Bringing the Sun down to Earth

Technical difficulties, experimental dead-ends and eye-watering development costs – yet the gargantuan challenge of taming nuclear fusion power is certainly within reach says Dr Andrew Kirk as he talks us through the hottest challenge in energy research

On an unusually chilly August day in 1920, the renowned astrophysicist Sir Arthur Eddington addressed the British Association’s annual meeting on one of the hottest scientific topics of all: why does the Sun shine?

The question had troubled physicists for decades. Recent discoveries in atomic physics and radioactivity, coupled with Einstein’s trailblazing E=mc² equation, had edged towards an explanation. Now Eddington finally had the answer. It could only be, he concluded, nuclear fusion: hydrogen atoms colliding to form helium. The mass lost during this process was converted to energy, and, repeated continually, this energy was enough to keep stars burning for billions of years. Eddington’s speech in Cardiff almost 100 years ago fired the starting gun on a Promethean quest that continues to this day – to bring fusion, the power source of the solar furnace, down to Earth for our benefit.

The urgency of the quest for fusion power is more intense than ever. Our insatiable appetite for energy – and our reliance on fossil fuels to supply over 80% of that energy – make research into alternative technologies essential for a sustainable future. Fusion – with almost limitless fuel supplies, no atmospheric pollution and none of the long-lived radioactive waste or safety drawbacks of nuclear fission – has much to offer. Reconstructing a star in the form of a fusion reactor and plugging it into the electricity grid is, however, easier said than done. Indeed, it is a challenge that has occupied many of physics’ brightest minds around the world for over half a century.

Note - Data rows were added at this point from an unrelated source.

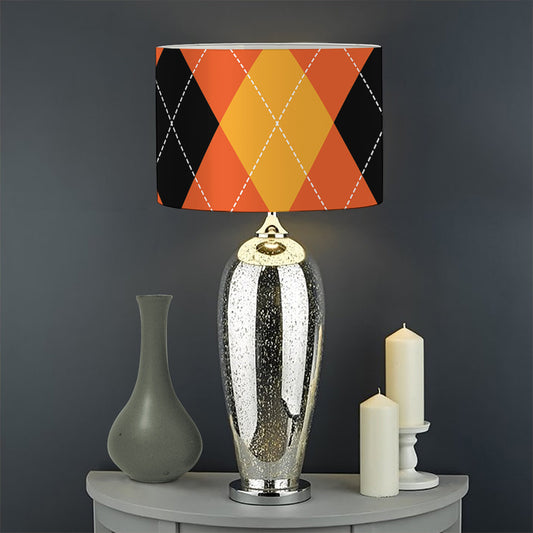 Orange And Black Argyle Pattern Print Drum Lamp Shade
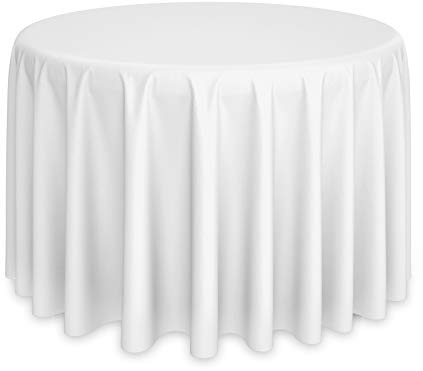 Lann's Linens - 132 Round Premium Tablecloth for Wedding/Banquet/Restaurant - Polyester Fabric Table Cloth - White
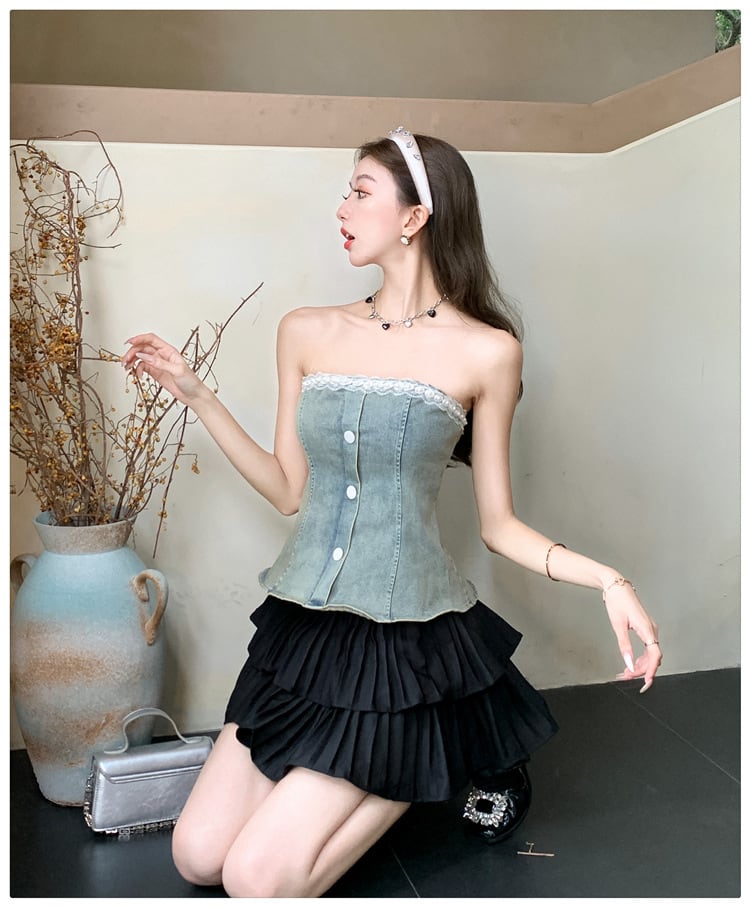 【tops】デニムベアトップ　M24438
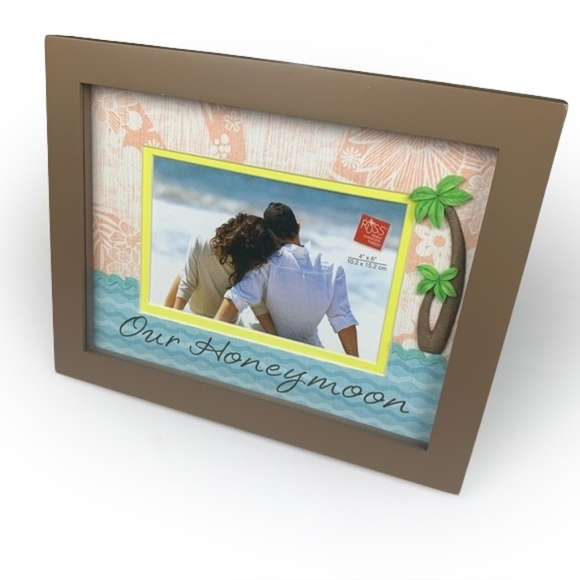 Honeymoon Photo Frame 4X6 White Lace & Promises - Picture 1 of 14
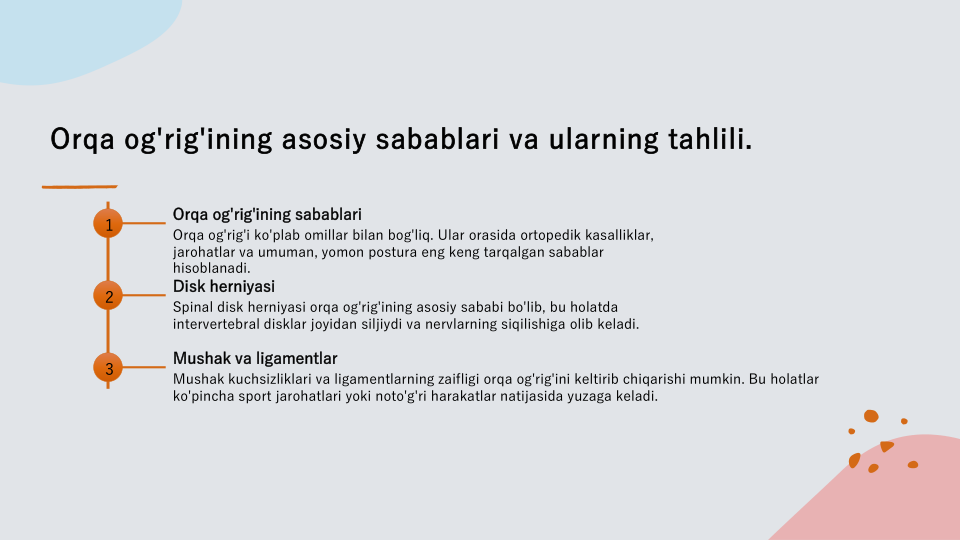 Orqa og'rig'ining asosiy sabablari va ularning tahlili.
1
Orqa og'rig'ining sabablari
Orqa og'rig'i ko'plab omillar bilan bog'liq. Ular orasida ortopedik kasalliklar, 
jarohatlar va umuman, yomon postura eng keng tarqalgan sabablar 
hisoblanadi.
2
Disk herniyasi
Spinal disk herniyasi orqa og'rig'ining asosiy sababi bo'lib, bu holatda 
intervertebral disklar joyidan siljiydi va nervlarning siqilishiga olib keladi.
3
Mushak va ligamentlar
Mushak kuchsizliklari va ligamentlarning zaifligi orqa og'rig'ini keltirib chiqarishi mumkin. Bu holatlar 
ko'pincha sport jarohatlari yoki noto'g'ri harakatlar natijasida yuzaga keladi.
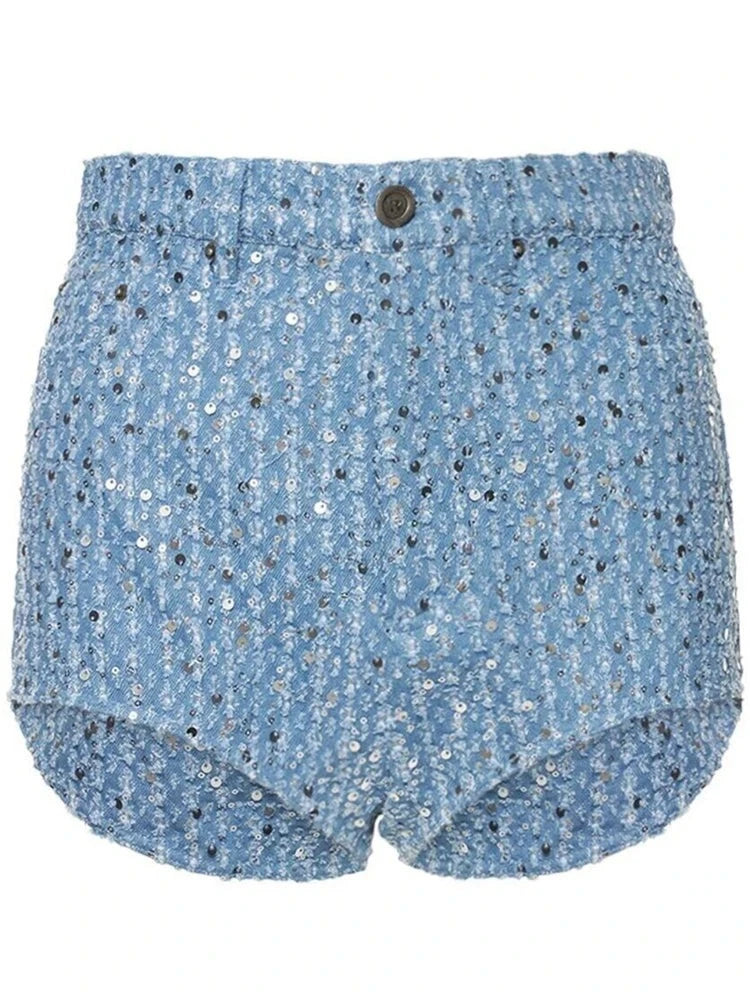 Sequin Denim Jacket and Shorts Two-Piece Set - Festigal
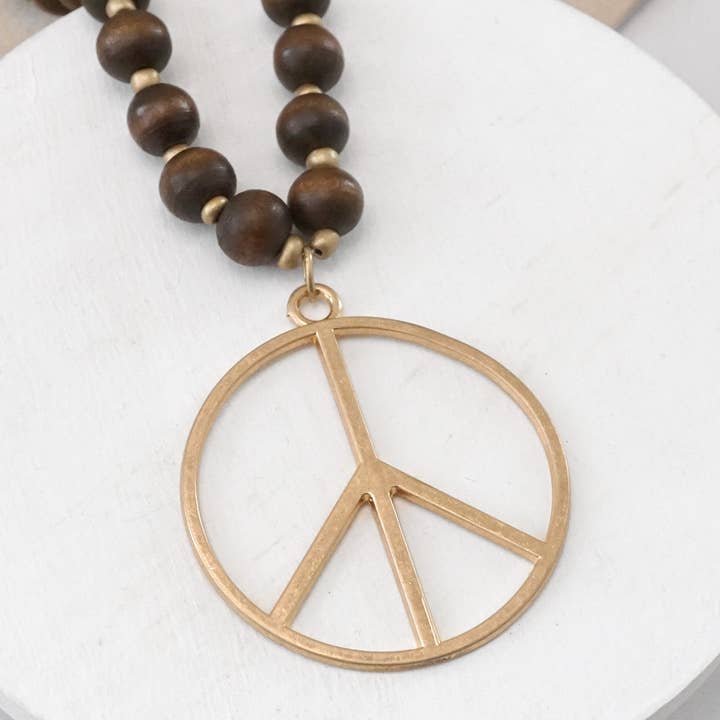 PennyLine inc - Wholesale Pendant/Charm Necklace - Long Wood Bead Necklace with golden peace sign pendant - Brown4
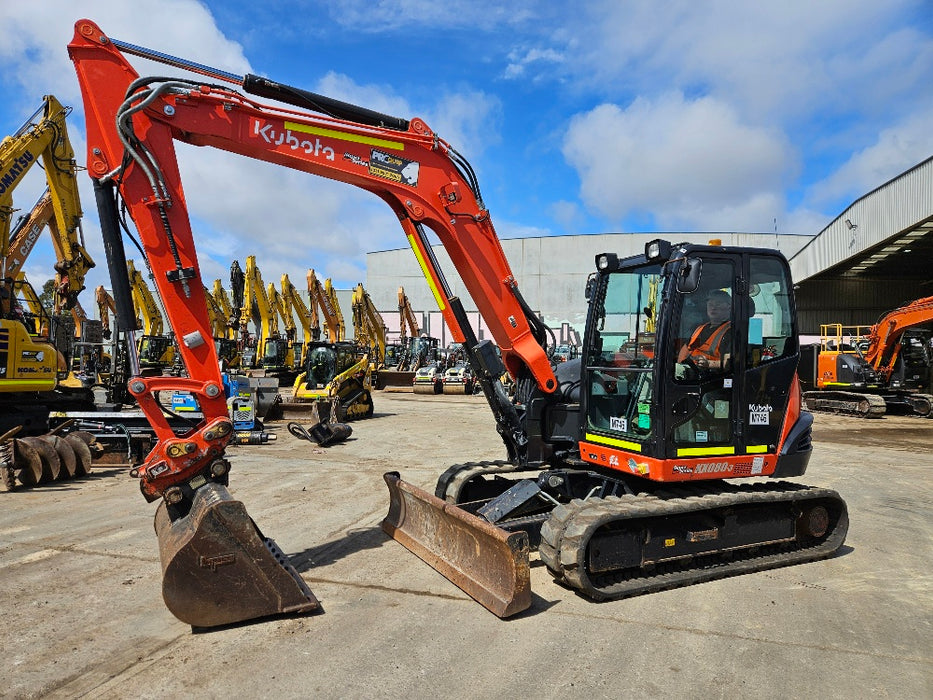 2021 KUBOTA KX080 8T EXCAVATOR (M746) WITH CIVIL SPEC, BUCKETS, 1790 HOURS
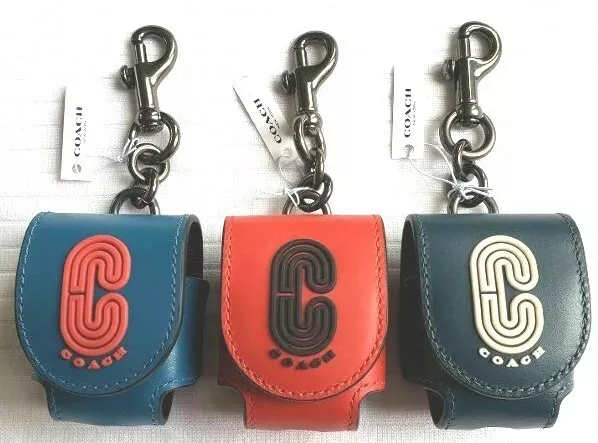 COACH Wireless Earbud Case Bag Charm With Patch in Red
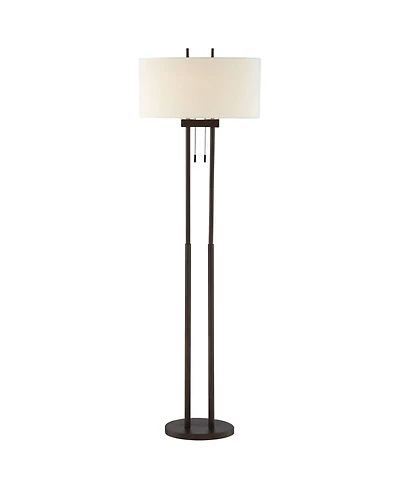 Franklin Iron Works Roscoe Modern Floor Lamp Standing 62" Tall Oil Rubbed Bronze Twin Pole White Drum Shade for Living Room Bedroom Office House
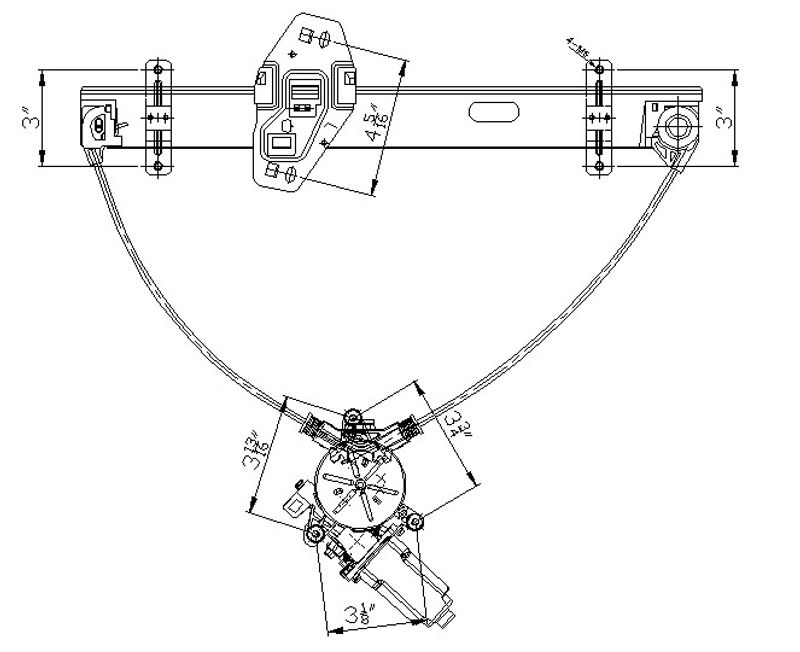 TechPro HO1350124 Window Regulator - Front Left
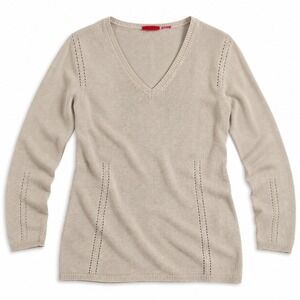 HUGO Womens Medium V Neck Knit Tunic Sweater Beige Long Sleeve Pullover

The most advanced – but by no means the only – fusion reactor concept is a machine called a tokamak. This is a magnetic container in which heavy isotopes of hydrogen (deuterium and tritium) are heated in a plasma until their nuclei are forced together, unlocking large amounts of energy that can then be harvested and turned into electricity. Invented by Soviet scientists in the 1950s, the tokamak is now at a mature stage of development and in southern France the world’s first industrial-scale experiment, ITER, is being readied for ‘first plasma’ in 2025 – if successful, it will produce 500 megawatts of fusion power and open the way to commercial reactors. With over 35 nations investing in the project, including most of the world’s major economies, it seems that finally fusion’s time is coming.

[caption id="attachment_61627" align="alignnone" width="620"] The most likely method of harnessing nuclear fusion will involve using tokamaks[/caption]

However, many hurdles remain in transferring fusion from experimental devices to fully-fledged, reliable powerplants. The UK’s national fusion laboratory – the Culham Centre for Fusion Energy, run by the UK Atomic Energy Authority – has identified six key research challenges. As well as tackling each of them, it aims to establish an engineering design centre to integrate this work into plans for the first fusion power stations.

[box type="shadow" ]THE SIX CHALLENGES OF FUSION RESEARCH • Plasma science • Materials science • New technologies • Tritium handling • Robotics • Plasma exhaust and high heat flux[/box]

Too hot to handle

One of the six challenges is that of plasma exhaust. The fusion reactions in a tokamak turn deuterium and tritium into helium and fast neutrons. Once they escape the charged plasma, neutrons exchange their energy with the surrounding wall in the form of heat; this heat can be used to generate electricity. The helium remains in the plasma, but if too much builds up, the fusion reactions are inhibited and the process stops. The excess helium must, therefore, be removed from the tokamak before this can happen; a bit like removing ash from a fireplace, but much more technically demanding. The waste itself is harmless – after all, helium is an inert gas that poses no threat to the environment.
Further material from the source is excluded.